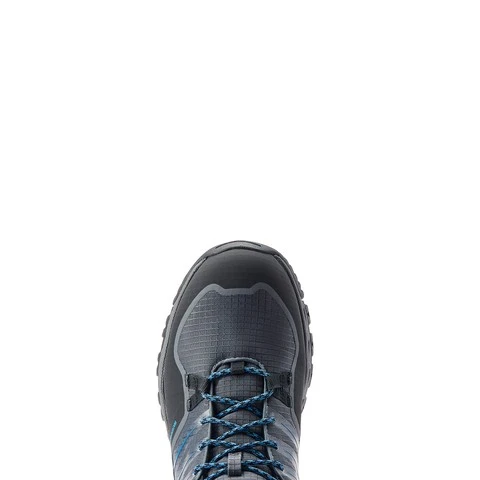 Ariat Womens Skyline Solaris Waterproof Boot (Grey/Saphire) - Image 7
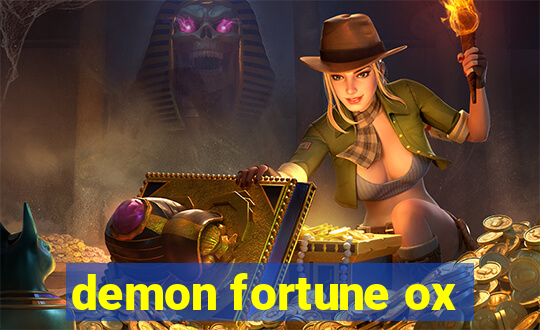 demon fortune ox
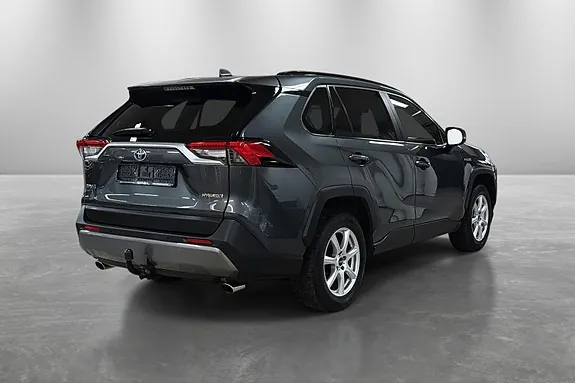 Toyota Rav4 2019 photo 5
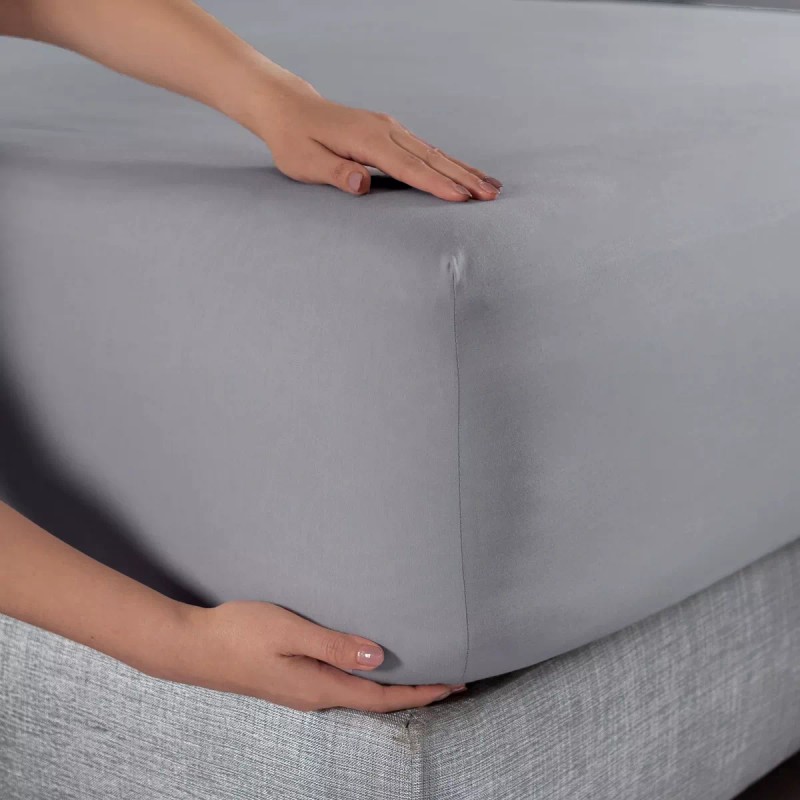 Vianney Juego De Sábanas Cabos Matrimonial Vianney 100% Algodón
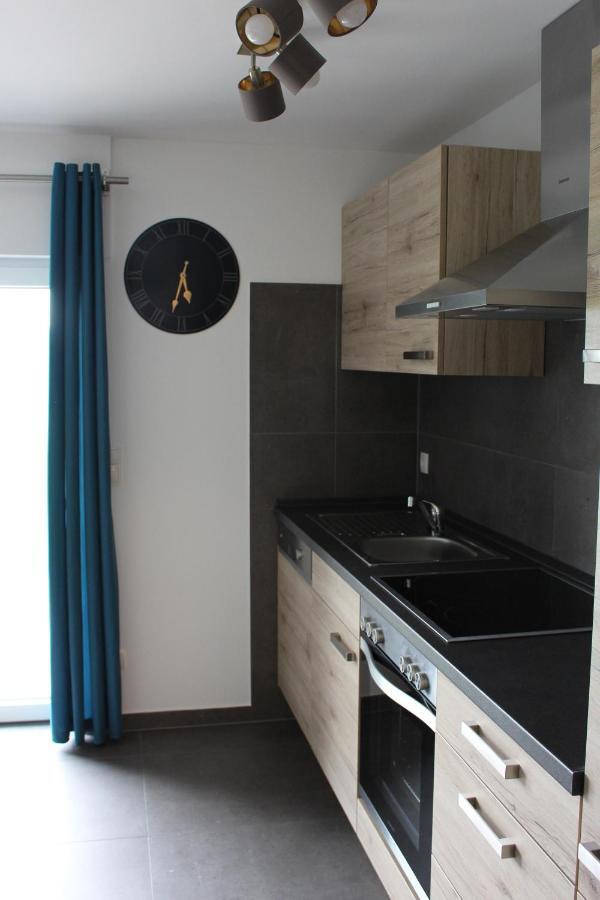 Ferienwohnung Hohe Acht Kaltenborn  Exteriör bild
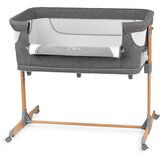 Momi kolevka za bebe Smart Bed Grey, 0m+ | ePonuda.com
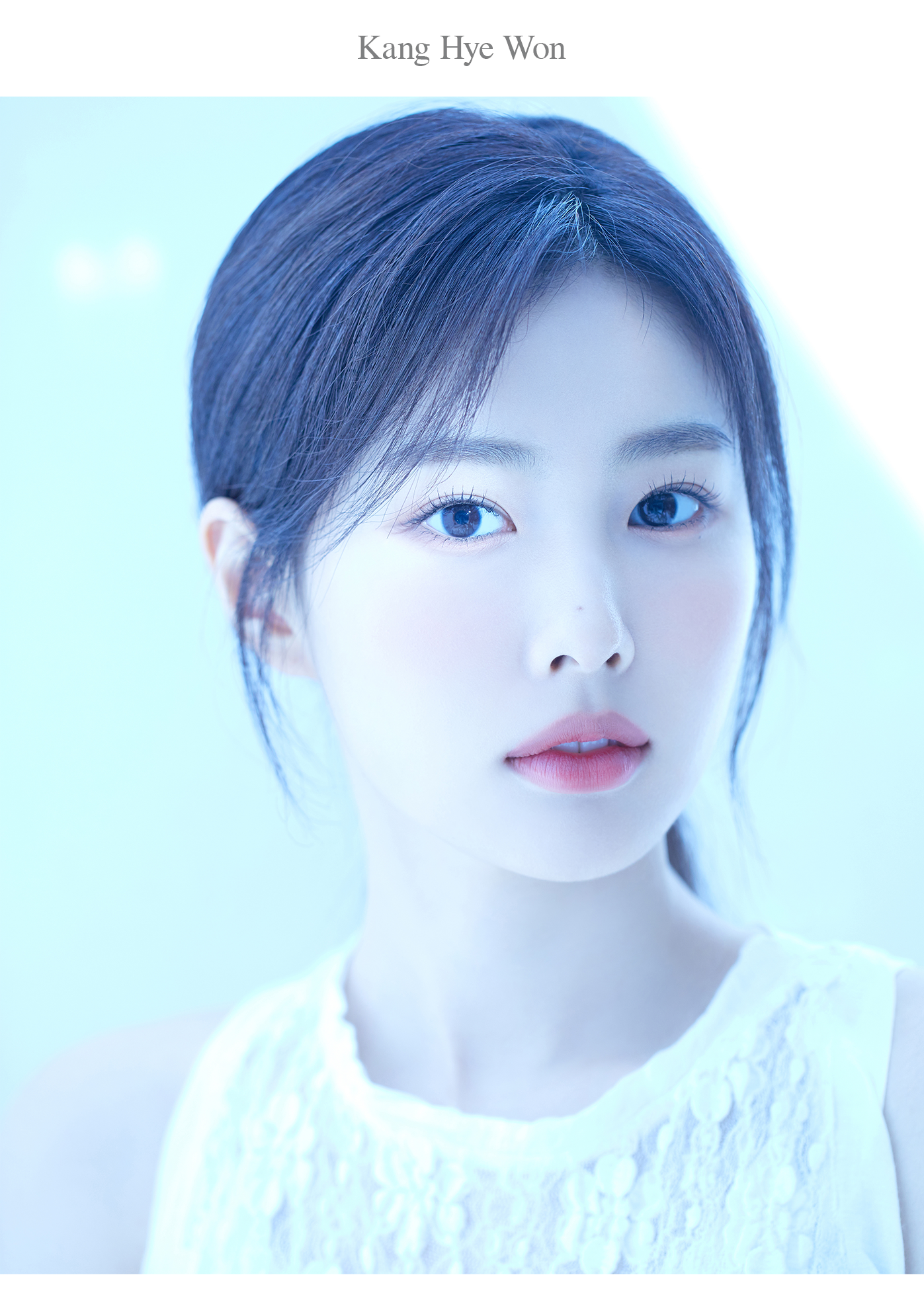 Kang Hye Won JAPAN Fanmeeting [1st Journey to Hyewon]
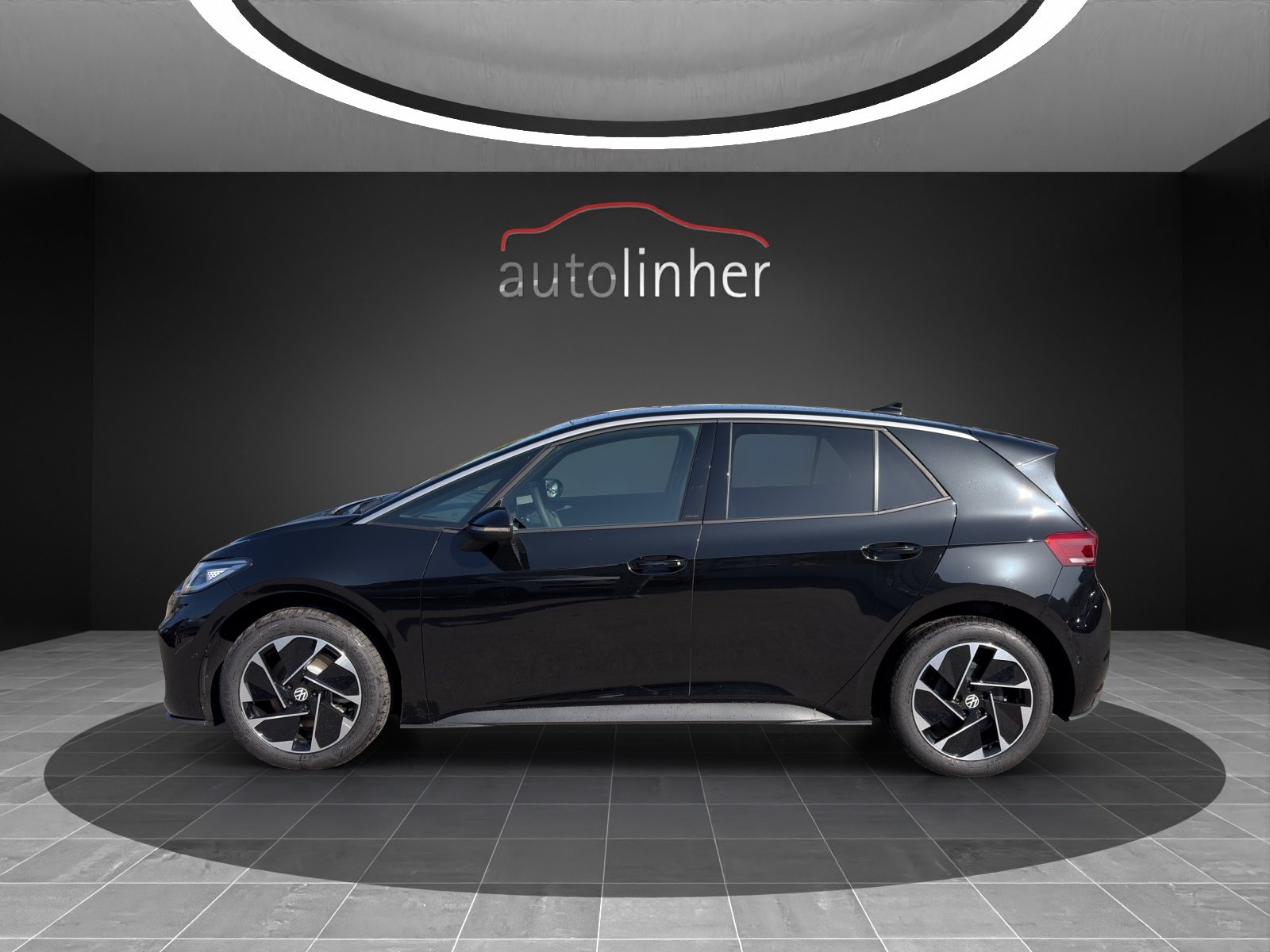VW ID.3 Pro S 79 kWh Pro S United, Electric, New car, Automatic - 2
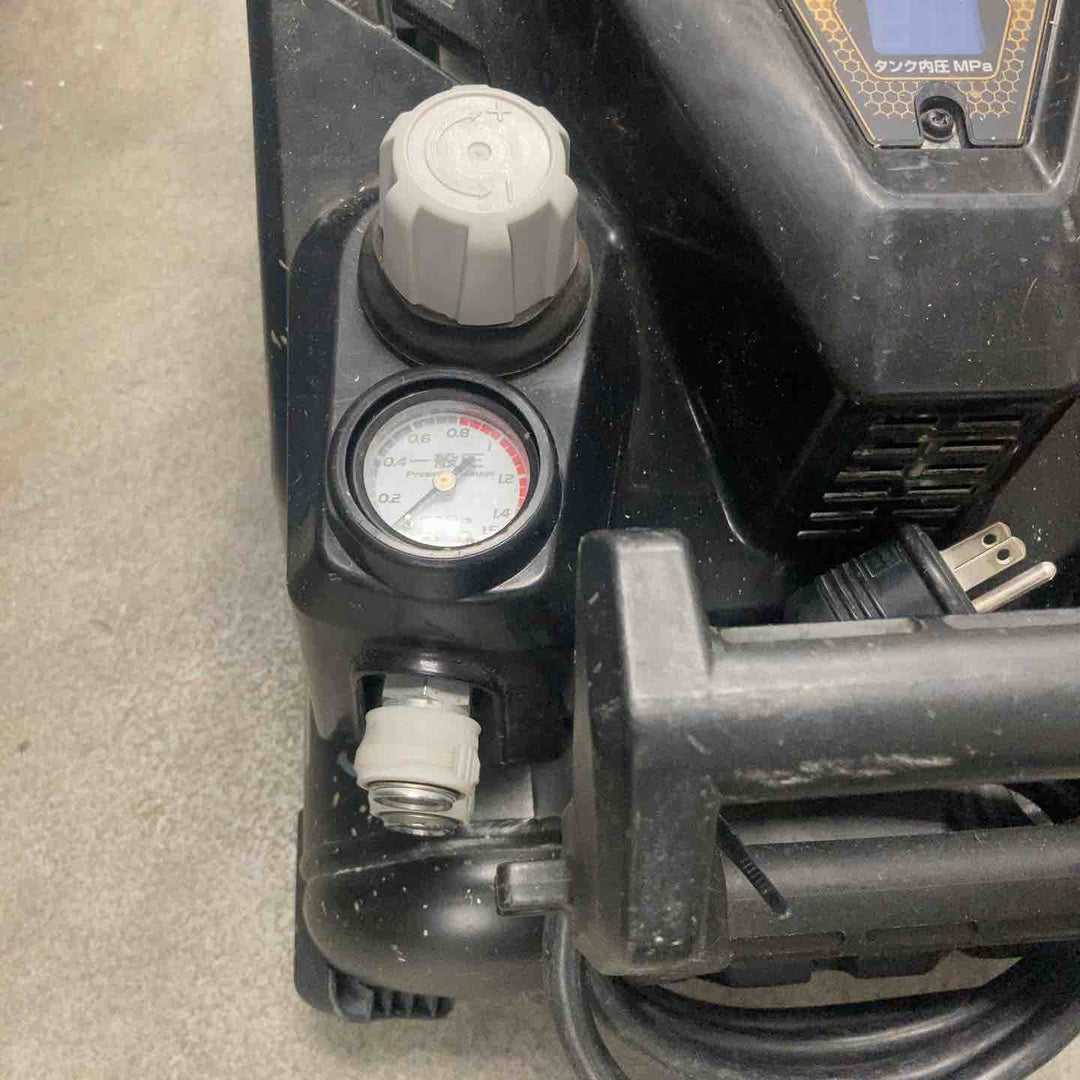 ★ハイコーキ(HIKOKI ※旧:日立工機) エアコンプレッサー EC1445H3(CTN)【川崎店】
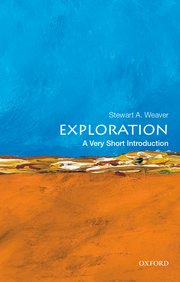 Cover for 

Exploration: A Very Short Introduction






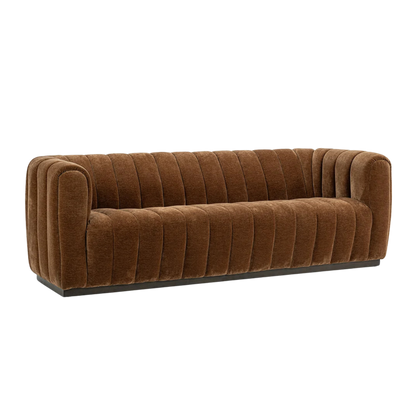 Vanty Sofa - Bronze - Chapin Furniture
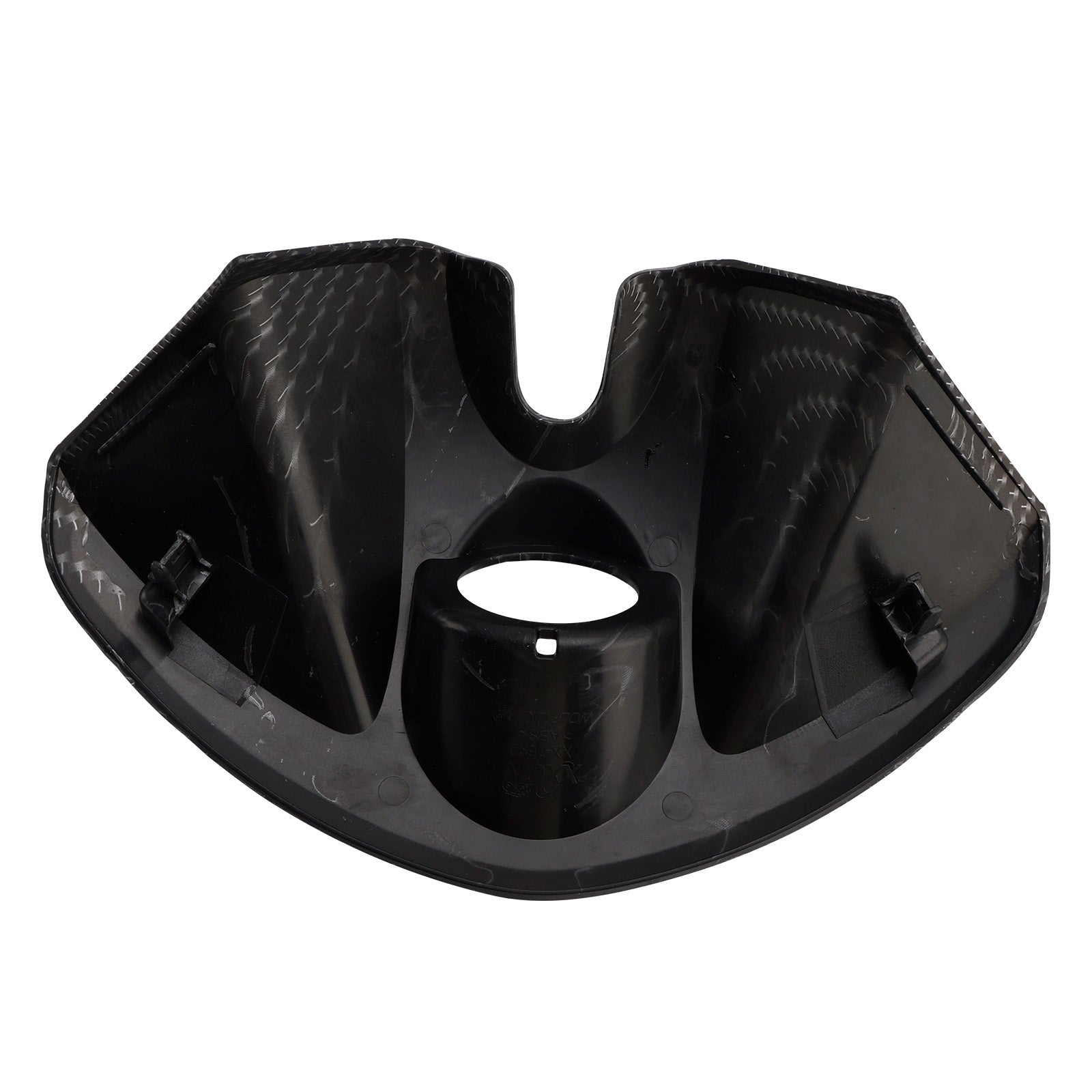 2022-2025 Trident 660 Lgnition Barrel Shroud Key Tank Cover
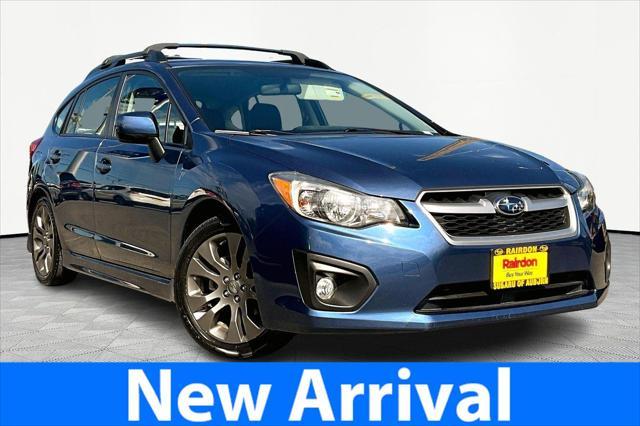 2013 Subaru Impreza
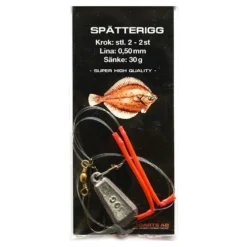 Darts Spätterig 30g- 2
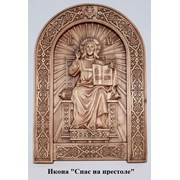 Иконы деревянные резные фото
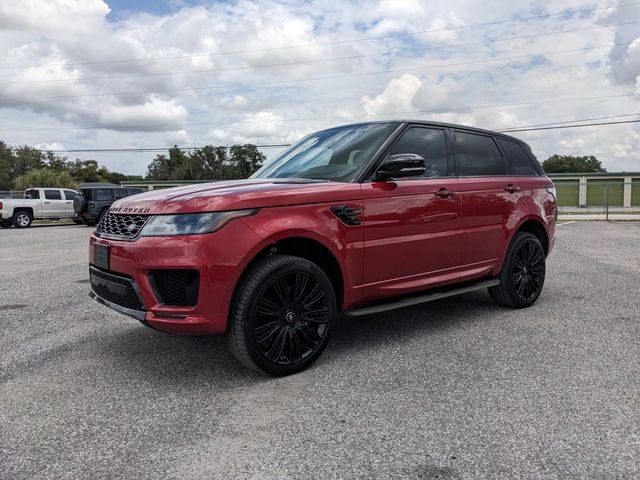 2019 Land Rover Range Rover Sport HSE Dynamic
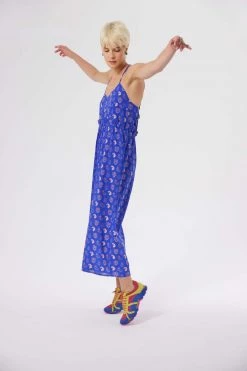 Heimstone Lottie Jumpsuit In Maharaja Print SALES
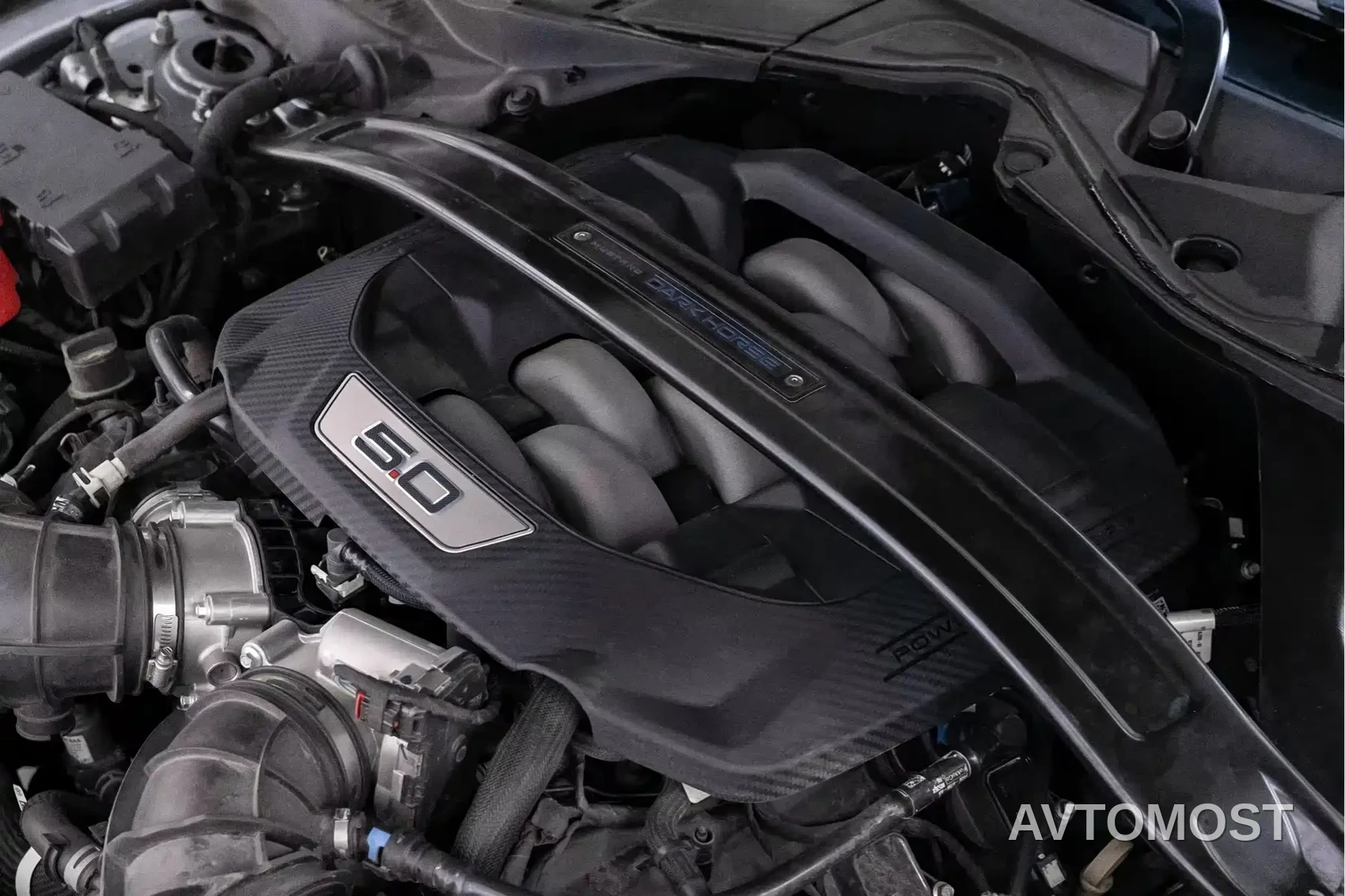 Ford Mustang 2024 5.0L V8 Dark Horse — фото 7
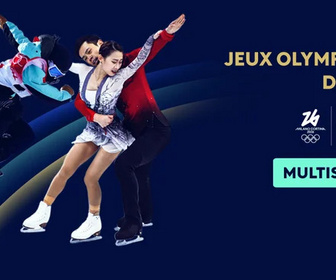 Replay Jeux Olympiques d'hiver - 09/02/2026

**What to do:** Give back each line above exactly, with pictures dropped.

**Output below:**
 Ariat Womens Skyline Solaris Waterproof Boot (Grey/Saphire) - Image 7
 demon fortune ox
 Toyota Rav4 2019 photo 5
 Vianney Juego De Sábanas Cabos Matrimonial Vianney 100% Algodón
 Ferienwohnung Hohe Acht Kaltenborn  Exteriör bild
 Momi kolevka za bebe Smart Bed Grey, 0m+ | ePonuda.com
 Kang Hye Won JAPAN Fanmeeting [1st Journey to Hyewon]
VW ID.3 Pro S 79 kWh Pro S United, Electric, New car, Automatic - 2
 ★ハイコーキ(HIKOKI ※旧:日立工機) エアコンプレッサー EC1445H3(CTN)【川崎店】
 Cover for 

Exploration: A Very Short Introduction






 Vanty Sofa - Bronze - Chapin Furniture
 2022-2025 Trident 660 Lgnition Barrel Shroud Key Tank Cover
 2013 Subaru Impreza
 Darts Spätterig 30g- 2
 Иконы деревянные резные фото
 2019 Land Rover Range Rover Sport HSE Dynamic
 Heimstone Lottie Jumpsuit In Maharaja Print SALES
 Ford Mustang 2024 5.0L V8 Dark Horse — фото 7
 Replay Jeux Olympiques d'hiver - 09/02/2026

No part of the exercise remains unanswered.